For the most part the wrappers are straightforward. The only significant complexity arises with nonblocking receives.
The issue is that MPI_Irecv
states the recv buffer and returns immediately, giving a handle
(MPI_Request) for the transaction.
Later the user will have to poll for completion with
MPI_Wait etc, and when the
transaction completes successfully, the wrappers have to paint the
recv buffer. But the recv buffer details are not presented to
MPI_Wait -- only the handle is. The
library therefore maintains a shadow table which associates
uncompleted MPI_Requests with the
corresponding buffer address/count/type. When an operation completes,
the table is searched for the associated address/count/type info, and
memory is marked accordingly.
Access to the table is guarded by a (POSIX pthreads) lock, so as to make the library thread-safe.
The table is allocated with
malloc and never
freed, so it will show up in leak
checks.
Writing new wrappers should be fairly easy. The source file is
mpi/libmpiwrap.c. If possible,
find an existing wrapper for a function of similar behaviour to the
one you want to wrap, and use it as a starting point. The wrappers
are organised in sections in the same order as the MPI 1.1 spec, to
aid navigation. When adding a wrapper, remember to comment out the
definition of the default wrapper in the long list of defaults at the
bottom of the file (do not remove it, just comment it out).
The wrappers should reduce Memcheck's false-error rate on MPI applications. Because the wrapping is done at the MPI interface, there will still potentially be a large number of errors reported in the MPI implementation below the interface. The best you can do is try to suppress them.

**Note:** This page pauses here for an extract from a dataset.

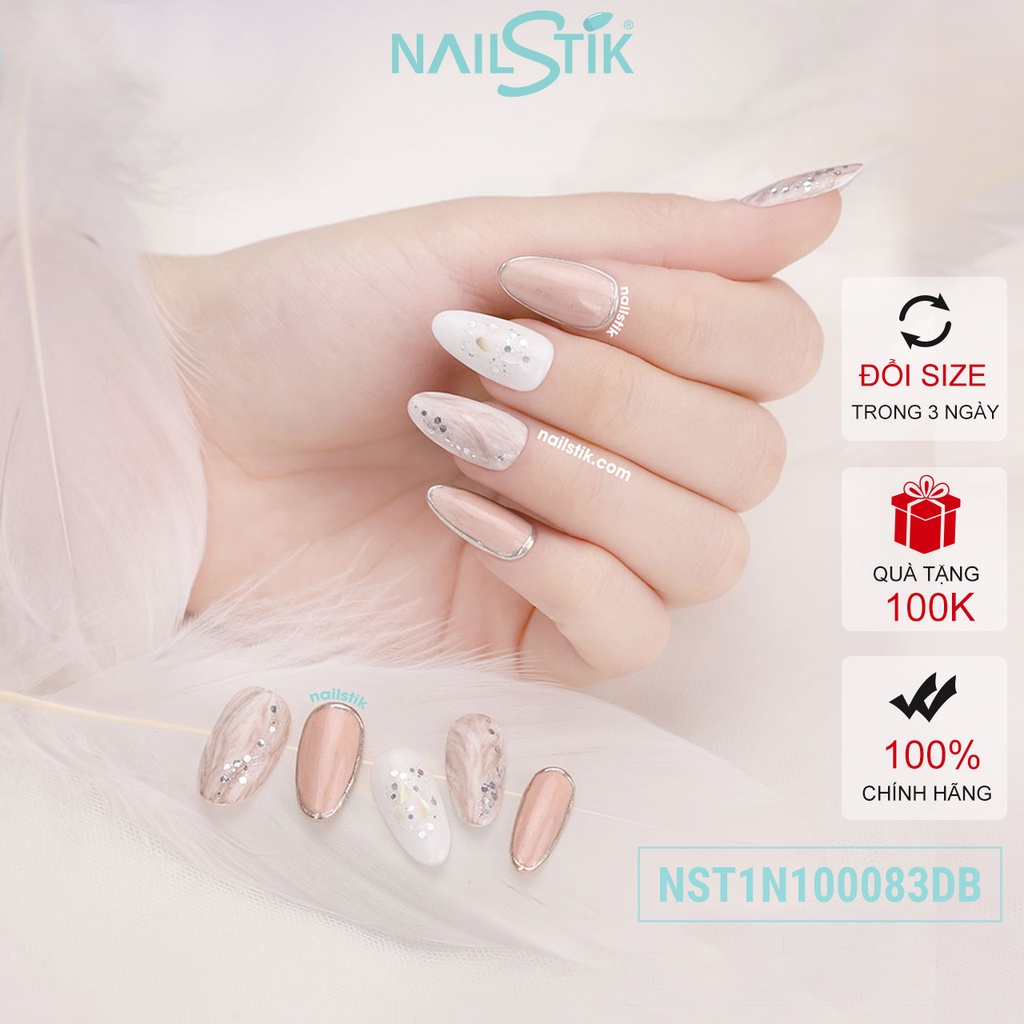 Móng úp thiết kế by NAILSTIK, màu nude nâu, form móng bầu, ngắn/dài, 083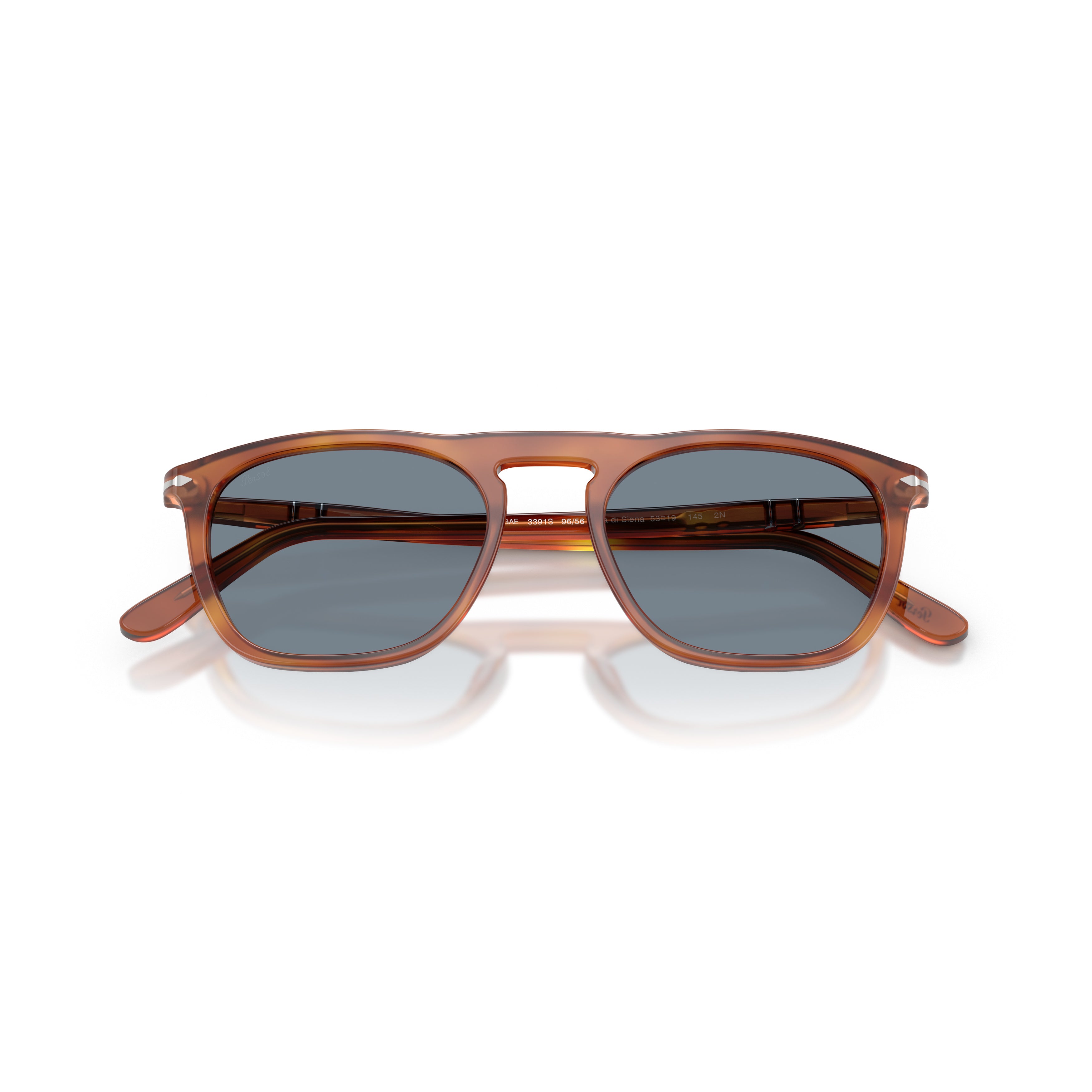0po3391s Translucent Brown Acetate Square Frame Sunglasses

You may also find that the input-side (buffer
length/definedness) checks find errors in your MPI use, for example
passing too short a buffer to
MPI_Recv.
Functions which are not wrapped may increase the false
error rate. A possible approach is to run with
MPI_DEBUG containing
warn. This will show you functions
which lack proper wrappers but which are nevertheless used. You can
then write wrappers for them.
A known source of potential false errors are the
PMPI_Reduce family of functions, when
using a custom (user-defined) reduction function. In a reduction
operation, each node notionally sends data to a "central point" which
uses the specified reduction function to merge the data items into a
single item. Hence, in general, data is passed between nodes and fed
to the reduction function, but the wrapper library cannot mark the
transferred data as initialised before it is handed to the reduction
function, because all that happens "inside" the
PMPI_Reduce call. As a result you
may see false positives reported in your reduction function.